Hathaway, fameux Surréaliste

Etonnant objet que ce film d'Henry Hathaway de 1935 ! A creuser dans les vieilleries, on parvient bien souvent à tomber sur des pépites oubliées dont seuls les spécialistes conservent un souvenir. Mais à ce point, la chose est suffisamment rare pour être soulignée. Des oeuvres touchantes ou amusantes sombrant sous une poussière indue, tout cela est relativement fréquent pour peu qu'on ne craigne pas de se tâcher les manches. Mais à ce niveau d'originalité, voilà qui est peu banal.


Affiche France (wikipedia.fr)

L'histoire est l'adaptation du premier roman de George du Maurier, le grand-père de Daphnée. Elle débute par l'enfance parisienne bourgeoise d'un enfant anglais jusqu'à son rapatriement à Londres dans la famille de sa mère à la mort de celle-ci qui le laisse orphelin. George du Maurier avait lui-même vécu cette enfance parisienne du milieu du 19ème siècle avant de suivre un chemin tout différent de son héros.

Ainsi, le jeune Gogo vit auprès de sa mère malade dans une bucolique banlieue parisienne. La maison mitoyenne est occupée par d'autres anglais, dont la jeune Mimsey, du même âge que lui, avec qui il partage les jeux et les disputes de leur âge. La mort de la mère de Gogo les surprend justement lors d'un de ces différents qui les oppose à propos du partage d'un tas de planches dont chacun veut alimenter son propre projet. Malgré la proposition de la mère de Mimsey d'héberger Gogo, son oncle maternel vient le chercher pour le conduire à Londres sans accepter de voir la déchirure que représente la séparation entre les deux enfants. Gogo doit alors abandonner son surnom, son prénom de Pierre, et jusqu'au patronyme de son père français, pour adopter le nom de jeune fille de sa mère, seule liberté qu'on lui accorde, et devenir Peter Ibbetson.

Quelques années plus tard, Peter (Gary Cooper) est un jeune architecte apprenant son métier dans le cabinet de Mr Slade (Donald Meek) qui, malgré sa cécité, reconnaît en son protégé un talent prometteur.

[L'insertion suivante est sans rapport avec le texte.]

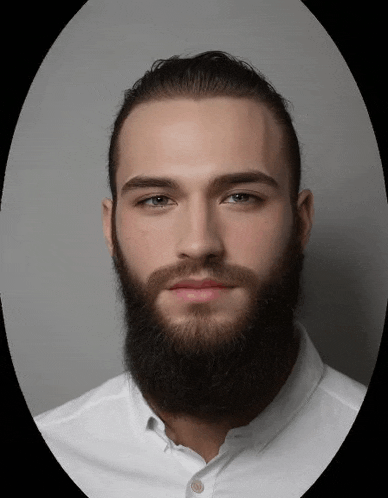 the man is wearing a white shirt and has a beard .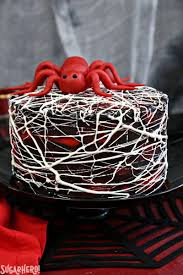 The legend of the christmas spider is the story of a poor but hardworking widow and her children. Red Velvet Marshmallow Spiderweb Cake Classic Red Velvet Cake With Black Chocolate Buttercream Covered With A Web Spider Web Cake Spider Cake Red Velvet Cake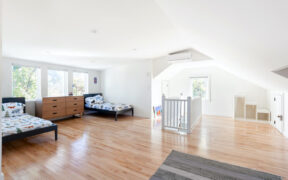 attic renovation with dormer and beds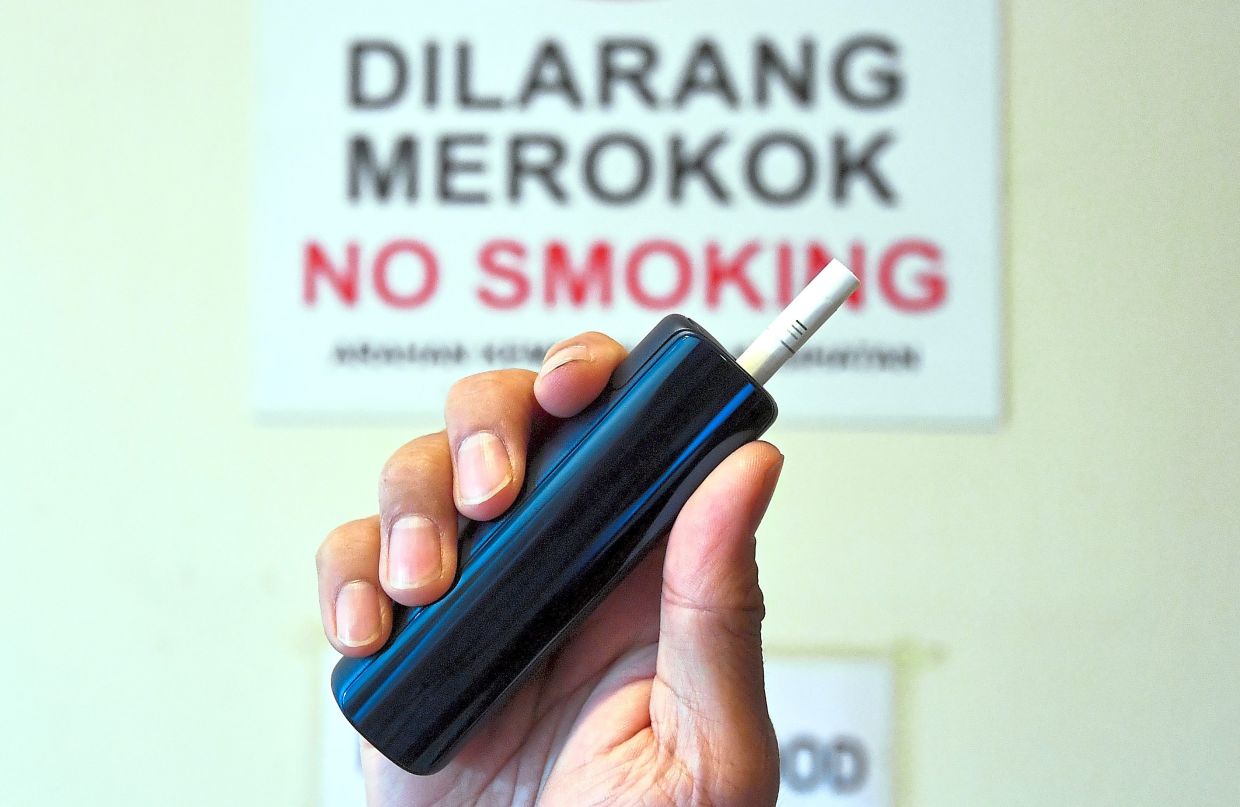 Prof Dr Sharifa Ezat from UKM'S Faculty of Medicine says compered to Sweden, Malaysia has a bigger issue with illegal cigarettes and a surge in vape use. —AZHAR MAHFOF/The Star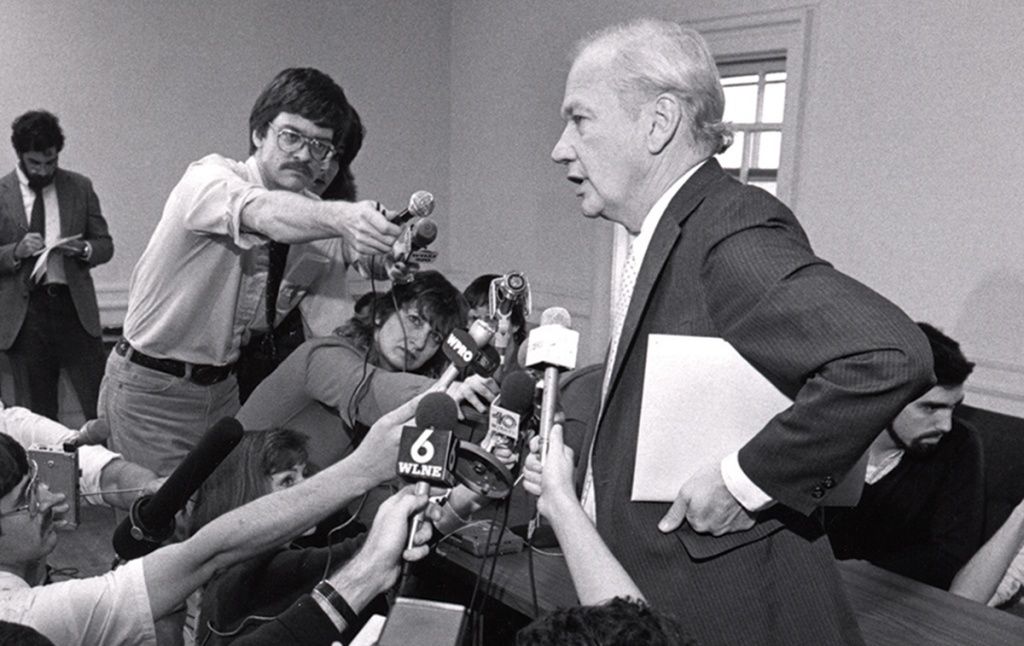 Bob Reichley surrounded by journalists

Il reconnaît aussi une faille en ce jeune homme solitaire, une insatisfaction profonde qui le pousse à la démission, laquelle est refusée par Mr Slade qui le pousse à prendre un congé à Paris accepté plus par respect que par enthousiasme.


Affiche USA (notrecinema.com)

Ce voyage est l'occasion d'une rencontre avec Agnès (Ida Lupino), une gardienne de musée, à qui Peter fait visiter les lieux de son enfance. Ainsi, ce qui devait ouvrir les yeux du jeune homme sur les plaisirs qu'il se refusait devient une sorte de pèlerinage ramenant à la conscience de Peter le souvenir de Mimsey et la raison de son insatisfaction permanente.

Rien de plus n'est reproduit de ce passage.